** Recorded data **
-- Opening Marker --

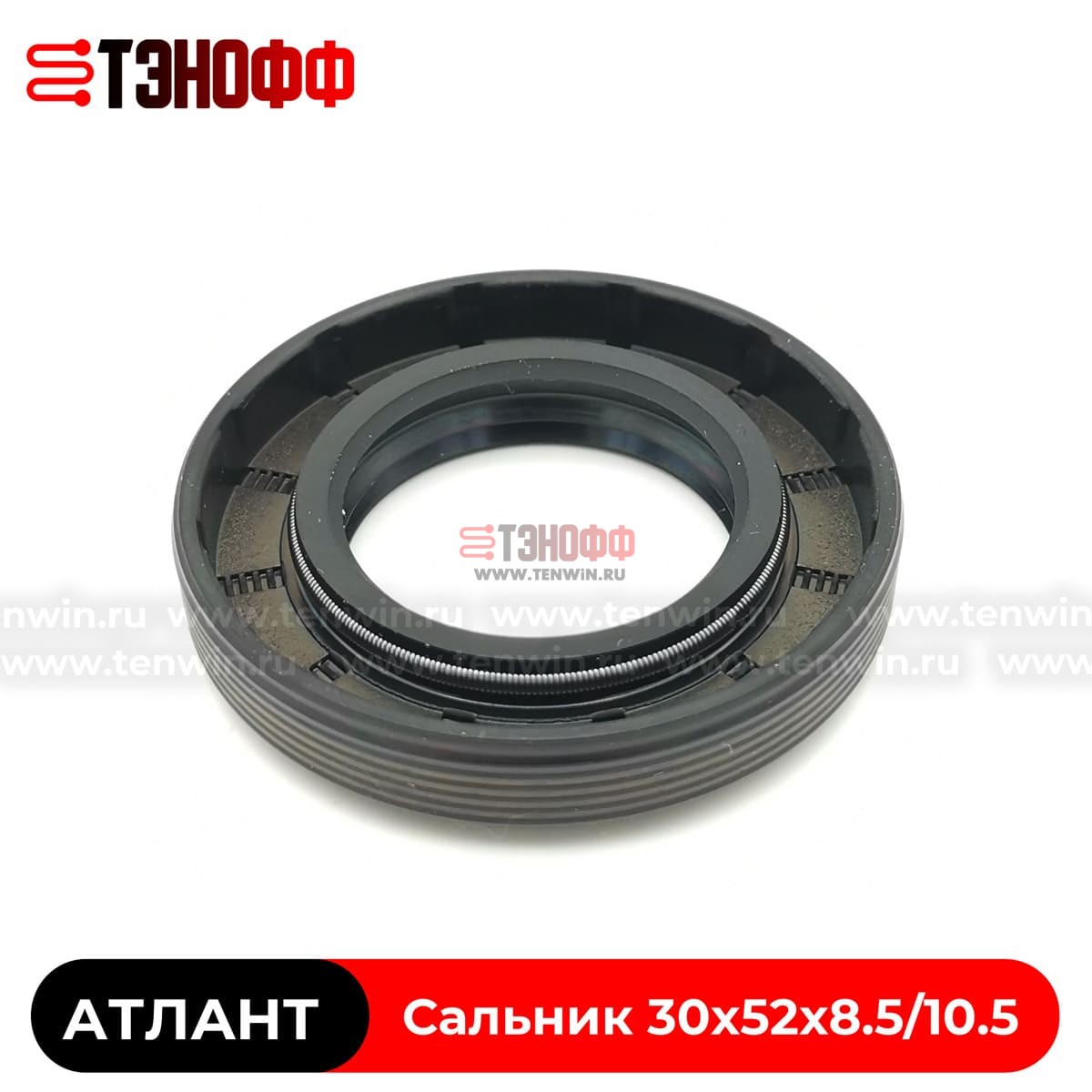 Сальник бака АТЛАНТ 30x52x8.5/10.5  (908092003080) стиральной машины 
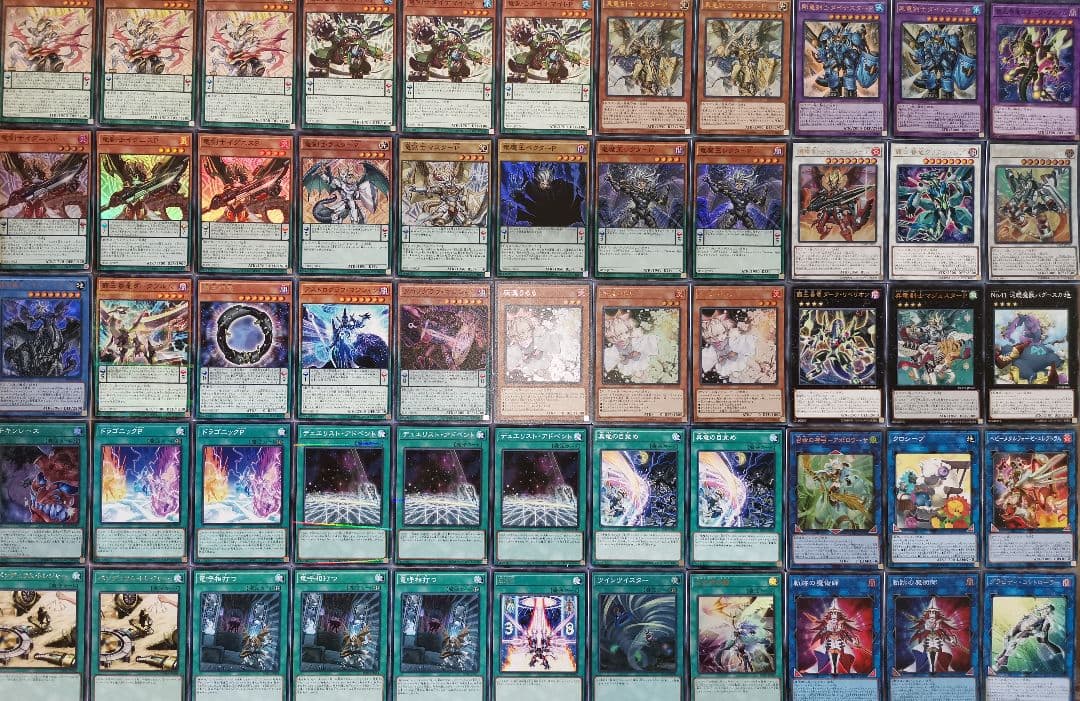 遊戯王デッキ　竜剣士デッキ　ガチ構築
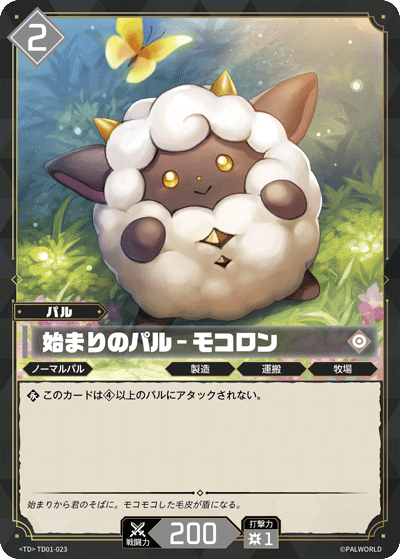 Palworld Official Card Game TD01 TD01-023 TD 棉悠悠－最初的帕魯 日文單卡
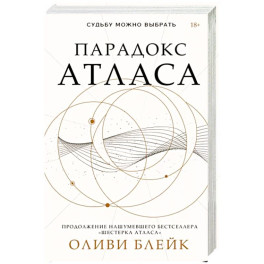 Парадокс Атласа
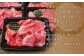 【A4～A5ランク】長崎和牛 特選切り落とし 約600g（約200g×3パック）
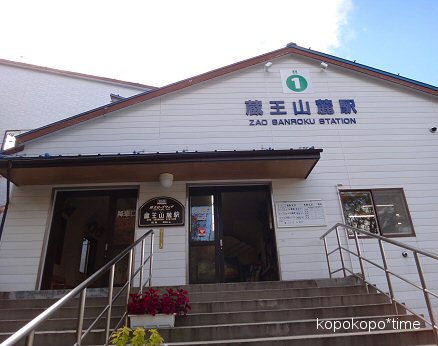 yamagatazao1.jpg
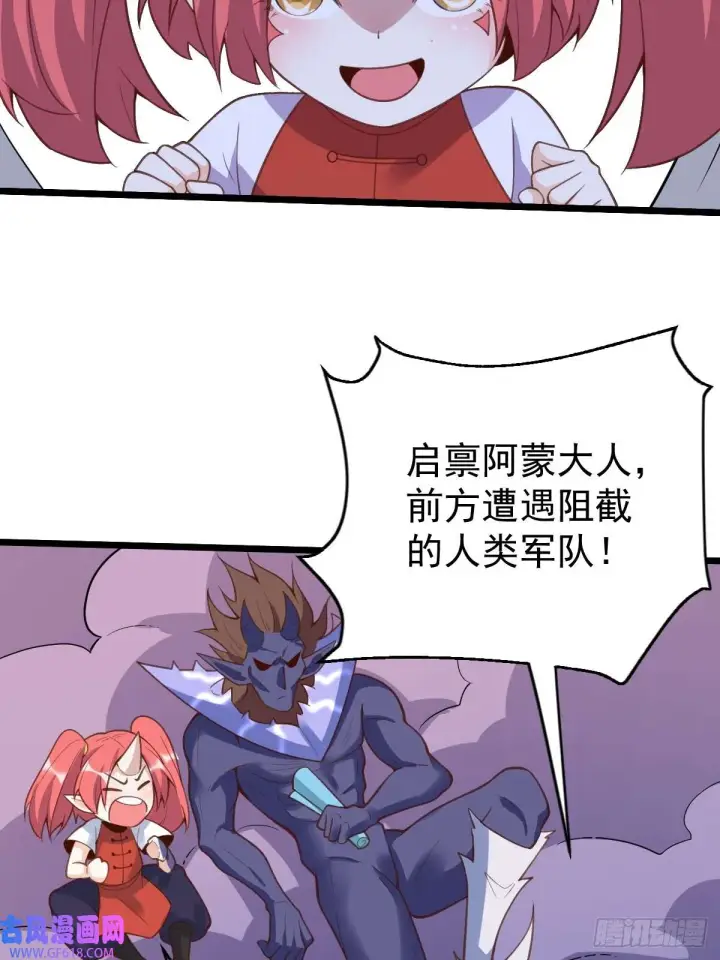 漫画《原来我是修仙大佬》175话第39张图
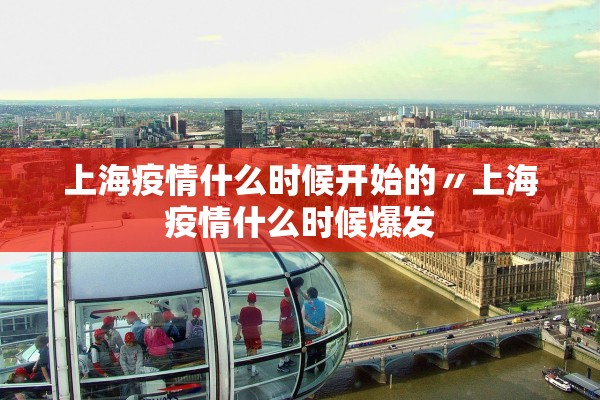 上海疫情什么时候开始的〃上海疫情什么时候爆发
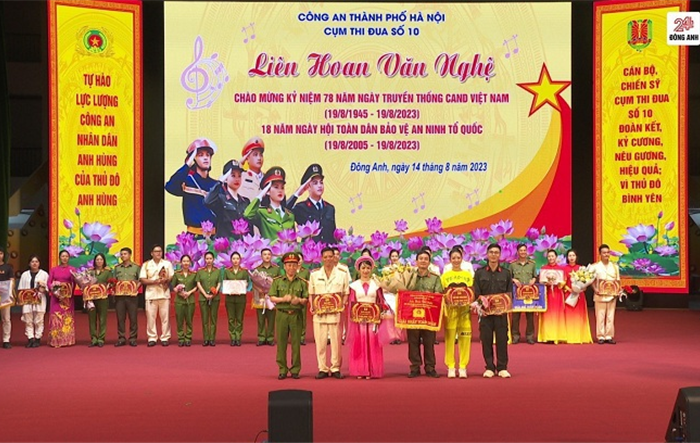 Liên hoan văn nghệ chào mừng kỷ niệm 78 năm Ngày truyền thống công an Nhân dân Việt Nam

-- Closing Marker --

** What is needed **
No pictures belong in the copy; quote exactly the lines from the line containing "遊戯王デッキ　竜剣士デッキ　ガチ構築" through the final line of the material, both ends included.

** Result **
 遊戯王デッキ　竜剣士デッキ　ガチ構築
 Palworld Official Card Game TD01 TD01-023 TD 棉悠悠－最初的帕魯 日文單卡
 Парадокс Атласа
 【A4～A5ランク】長崎和牛 特選切り落とし 約600g（約200g×3パック）
 yamagatazao1.jpg
 漫画《原来我是修仙大佬》175话第39张图
 上海疫情什么时候开始的〃上海疫情什么时候爆发
 Liên hoan văn nghệ chào mừng kỷ niệm 78 năm Ngày truyền thống công an Nhân dân Việt Nam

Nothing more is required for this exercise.